:: Provided records ::
↓

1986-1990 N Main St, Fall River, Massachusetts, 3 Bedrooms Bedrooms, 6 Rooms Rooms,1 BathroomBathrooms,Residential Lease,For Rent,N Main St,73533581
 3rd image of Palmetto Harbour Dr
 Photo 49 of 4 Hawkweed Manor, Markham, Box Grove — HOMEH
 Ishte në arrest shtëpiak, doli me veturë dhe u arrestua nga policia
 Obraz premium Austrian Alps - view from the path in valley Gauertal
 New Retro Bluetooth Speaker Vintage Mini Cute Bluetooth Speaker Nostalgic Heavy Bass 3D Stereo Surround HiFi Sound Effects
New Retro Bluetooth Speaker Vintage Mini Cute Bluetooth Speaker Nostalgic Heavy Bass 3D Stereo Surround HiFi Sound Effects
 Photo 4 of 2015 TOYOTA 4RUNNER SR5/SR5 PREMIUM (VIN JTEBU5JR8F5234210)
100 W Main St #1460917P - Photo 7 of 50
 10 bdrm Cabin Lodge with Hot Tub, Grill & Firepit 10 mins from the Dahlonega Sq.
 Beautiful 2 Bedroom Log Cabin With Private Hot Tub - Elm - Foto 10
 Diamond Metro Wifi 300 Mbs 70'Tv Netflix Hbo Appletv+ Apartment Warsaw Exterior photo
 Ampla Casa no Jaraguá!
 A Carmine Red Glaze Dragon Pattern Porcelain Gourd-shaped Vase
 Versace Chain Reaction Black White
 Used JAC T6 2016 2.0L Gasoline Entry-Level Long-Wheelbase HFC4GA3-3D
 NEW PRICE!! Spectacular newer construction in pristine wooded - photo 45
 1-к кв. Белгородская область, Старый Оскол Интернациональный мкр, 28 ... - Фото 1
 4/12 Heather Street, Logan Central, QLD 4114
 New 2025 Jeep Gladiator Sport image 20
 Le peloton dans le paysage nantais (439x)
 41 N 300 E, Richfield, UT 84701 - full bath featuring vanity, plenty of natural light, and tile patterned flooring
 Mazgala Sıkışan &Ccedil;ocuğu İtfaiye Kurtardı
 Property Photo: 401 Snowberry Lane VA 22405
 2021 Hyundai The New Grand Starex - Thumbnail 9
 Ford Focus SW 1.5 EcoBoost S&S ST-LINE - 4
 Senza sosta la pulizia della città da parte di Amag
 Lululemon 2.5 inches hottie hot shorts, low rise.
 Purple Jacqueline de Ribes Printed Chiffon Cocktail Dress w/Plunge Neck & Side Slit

↑

:: Work instruction ::
Within the entries above, find each line where "Speaker" appears; copy every one.

:: Result of the task ::
 New Retro Bluetooth Speaker Vintage Mini Cute Bluetooth Speaker Nostalgic Heavy Bass 3D Stereo Surround HiFi Sound Effects
New Retro Bluetooth Speaker Vintage Mini Cute Bluetooth Speaker Nostalgic Heavy Bass 3D Stereo Surround HiFi Sound Effects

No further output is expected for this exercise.